--- Information shown ---
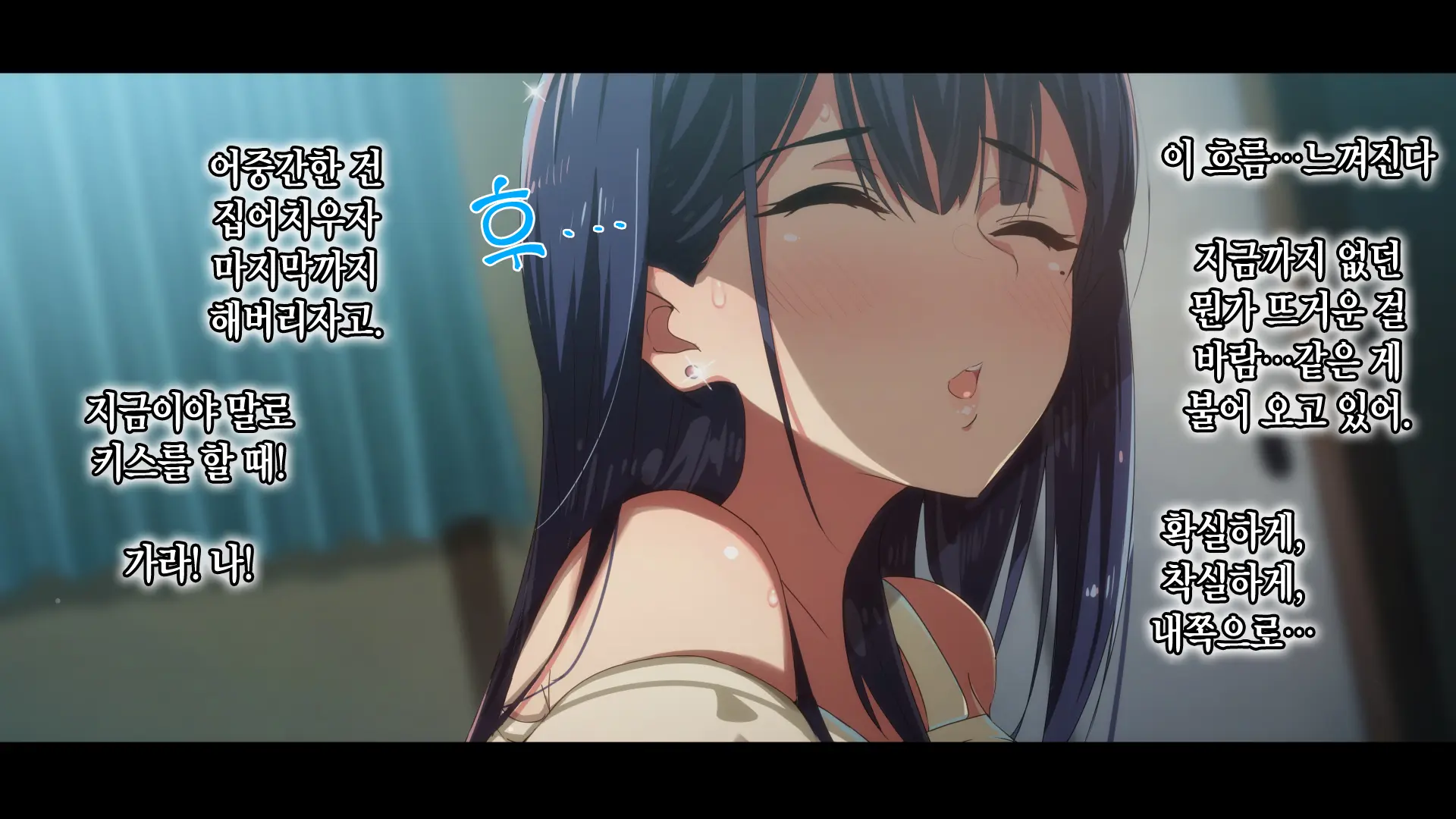 Rental Kanojo ~Honki Sex O Oboetara~ | 렌탈 여자친구는 아이돌 ~제대로 된 섹스를 알게 되면~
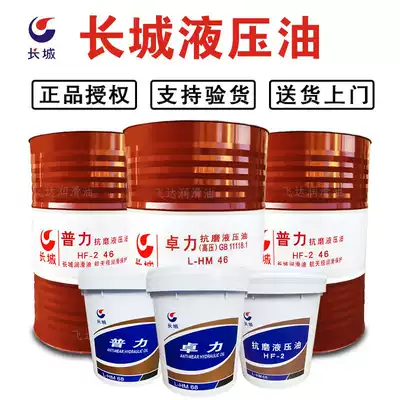 Great Wall anti-wear hydraulic oil No 46 32#68 Puli Zhuoli 18 liters excavator original vat lubricating oil 200 liters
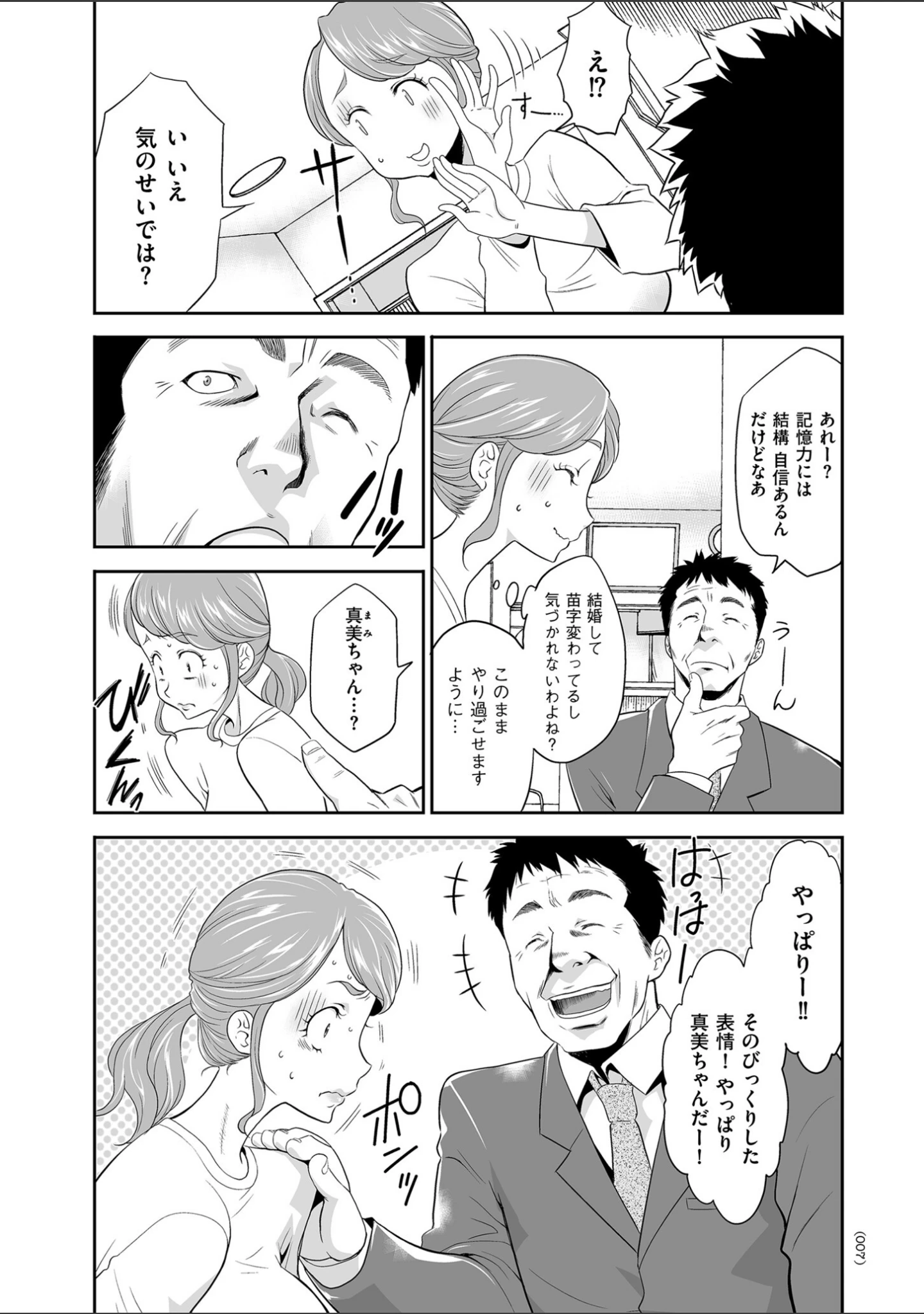 「だから、ワタシは堕ちました。」（香月りお） 試し読み 7ページ目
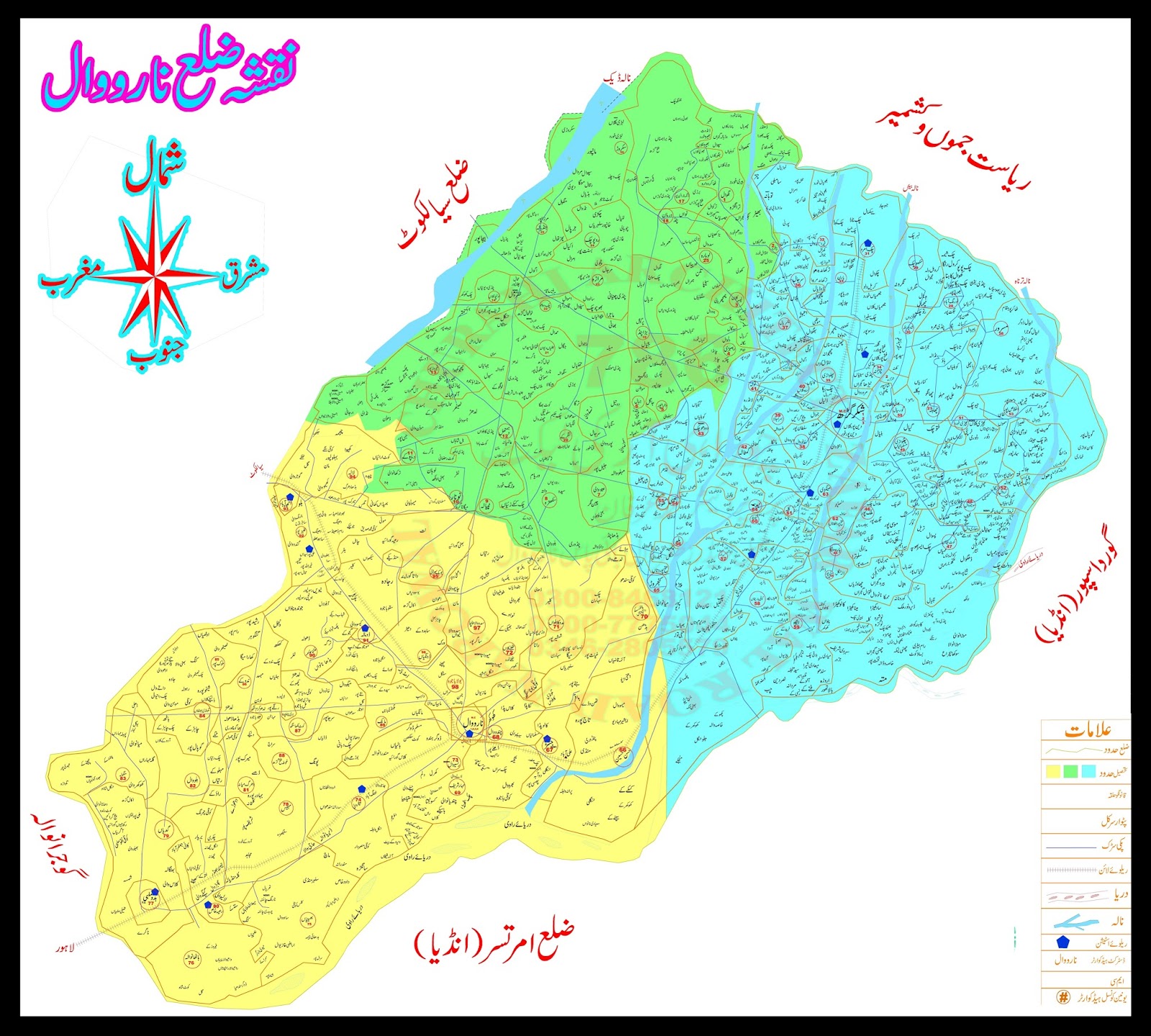 Union Councils in District Narowal Barapind Pk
---
* What the exercise asks *
Leave every picture out. Retype the remaining data exactly.

* Answer to this exercise *
 Rental Kanojo ~Honki Sex O Oboetara~ | 렌탈 여자친구는 아이돌 ~제대로 된 섹스를 알게 되면~
 Great Wall anti-wear hydraulic oil No 46 32#68 Puli Zhuoli 18 liters excavator original vat lubricating oil 200 liters
 「だから、ワタシは堕ちました。」（香月りお） 試し読み 7ページ目
 Union Councils in District Narowal Barapind Pk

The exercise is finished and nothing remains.